Probably been done many times before, but I wrote and published a PGN scraper after getting irritated that it still wasn't available in the UI.

-QC

SJCVChess

How very Pythonic of you. How does it handle rate limiting (people with more than 38-pages of games)? Errors/Exceptions? Or, just re-start if it breaks? But where do you restart before breaking again if rate-limiting isn't taken into account; I don't see anything in the config or otherwise to restart.

QuietCorner

Thanks for the tip! I wasn't aware that the API was rate limited. I'll have to look the rates up. When I hit the limits, I'll build in appropriate delays.

The code was written for my needs, and I'm glad to say it meets them. I haven't encountered any errors, but then again I wasn't writing with a view to making this widely usable for many use cases.

And "pythonic"? Sure, I mean, it was written in Python. Would you prefer a different language?

SJCVChess

Pythonic:

>>> import this

You did a very good job of being VERY Pythonic. But it doesn't address potential rate-limiting issues, resuming a stream.

Might I suggest 2 things:

  1. A file to track where to resume pulling games from the archive?
  2. Parameterization so that this can be run as hourly or daily cron job?

 

QuietCorner

Hi again! Thanks for your suggestions.

The chess.com API is not rate limited for serial calls, so I don't see a need for this script to keep track of progress, it is single threaded.

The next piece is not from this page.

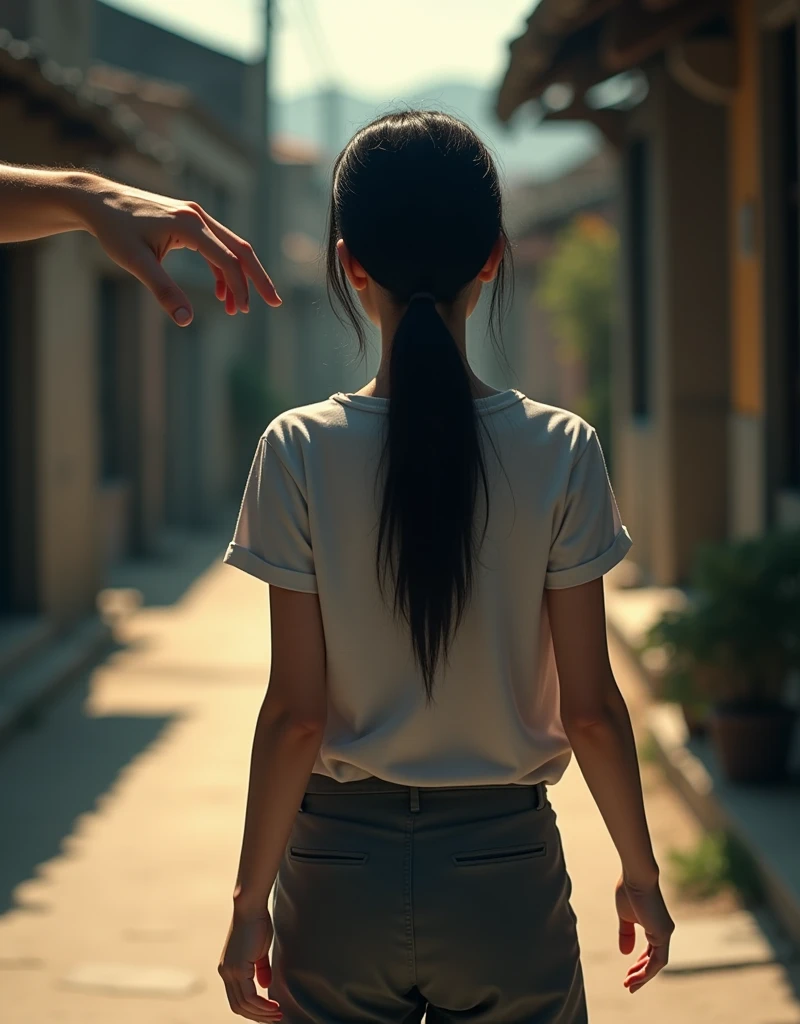 Korean girl with black hair in  chasing another girl with a knife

As for parameterization, I don't need it. The script can be run via crontab and the username parameters can be changed in the config.py file. 

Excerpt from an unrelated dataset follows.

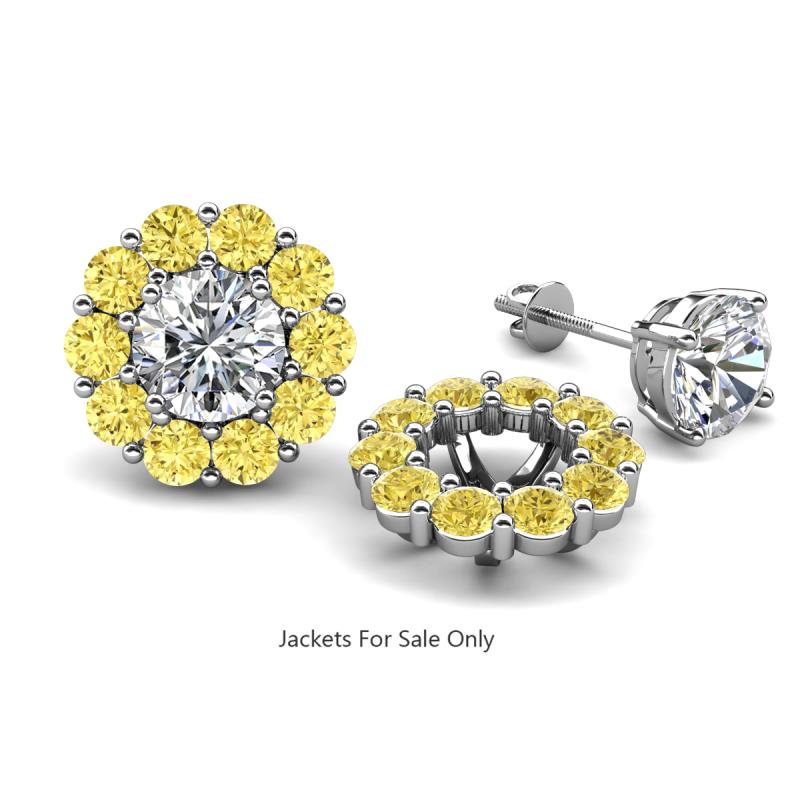 Serena 3.40 ctw (3.00 mm) Round Yellow Sapphire Jackets Earrings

You gave me an idea for something the script could benefit from. The assumption baked in is that all games for a specific user should be downloaded. Either using a parameter or by keeping track, it might be useful to have the script only download the newer games since a specified date.

Thanks!

skelos

I don't think I understand the problem or the solution. What's wrong with downloading via the archive endpoint, which gives you both games-per-month plus games underway?